Hi. Thank you for taking my question. Do you anticipate any impact to the North Face business from regulations on PFAS? And then as a follow-up, are you seeing any changes in wholesale partner behavior as the effective date on some of these regulations approach?

BD
Bracken DarrellPresident and CEO

I'll start that, and then I'm going to let Matt finish it. Yes, we do see some product changes in North Face based on PFAS. PFAS, for example, is the code for some of the zippers and things. We're going to make and are already making changes there, and I think we'll be in good shape by the time we get to the finish line on the North Face. Do you want to add anything to that?

MP
Matt PuckettEVP and CFO

We're out in front of it in terms of managing toward the end of clearing through PFAS inventory. We've got inventory on hand. We've got inventory in stores. Each of our brands is working aggressively to ensure that we're selling through that over the next 15 months or so. There's an opportunity in different parts of the world and even some of our distribution channels here in the U.S. to go beyond that. But we've got it all out of the line by spring '24. In fact, in many cases, it's already out of the line here as of now. I think we're in a pretty good place given the runway that we have and the work that the teams have done very proactively to be able to manage our way through this over time.

BD
Bracken DarrellPresident and CEO

To your point, yes, I don't see this as a date which we hit, we're moving towards an event that’s coming towards us because you have various wholesalers in the U.S. who are going to try to move quickly here. We’re very respectful of that. We applaud their moves, and we’re going to have to make sure that we're dynamic in how we deal with this too.

MP
Matt PuckettEVP and CFO

It's an ongoing dialogue, and we're very close to our wholesale partners in a very strategic way on this topic and others, obviously. So, we're in lockstep with the actions that need to be taken across the board by brand and by partner.

BD
Bracken DarrellPresident and CEO

Okay. Well, thank you so much. I really appreciate this was my first call. I was a little nervous. I think it went okay. I'm looking for feedback.

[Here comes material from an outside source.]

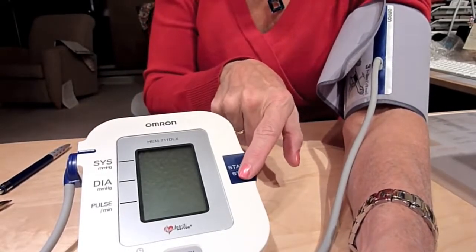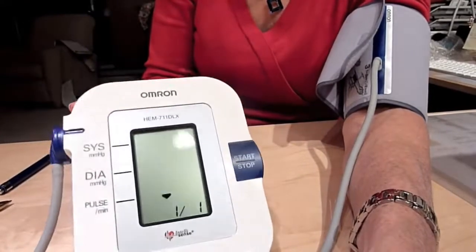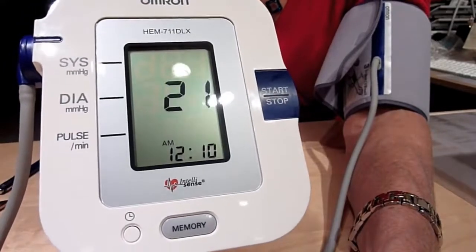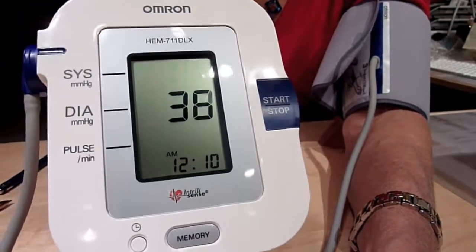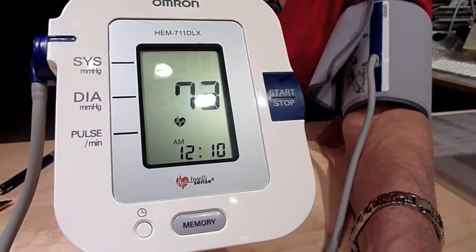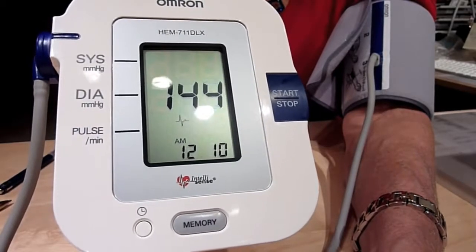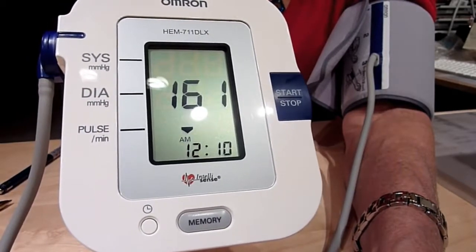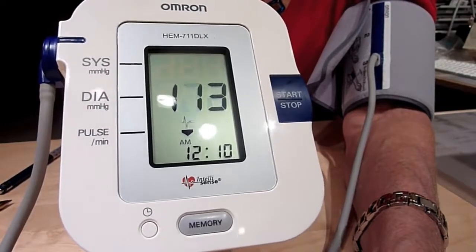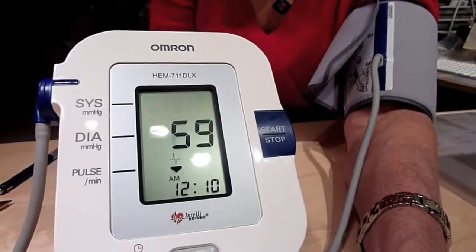All you do is hit the start button. You'll see the cuff inflate, and it'll take your blood pressure and your pulse. It's very quick with this unit — probably less than 15 seconds. You can hear it inflating, then deflating, and soon you'll have your reading.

We're intensely committed to really continue to be a great company for our customers, making our financial performance a lot better and attracting and retaining more great people over time. I promise you we'll come back with a more comprehensive strategy over time. I'm not committing to an exact date yet, but it's coming. You'll hear about it all, and I really appreciate all your help and support. Thanks a lot, and see you next quarter.

Operator

This concludes today's conference. You may disconnect your lines at this time. Thank you for your participation.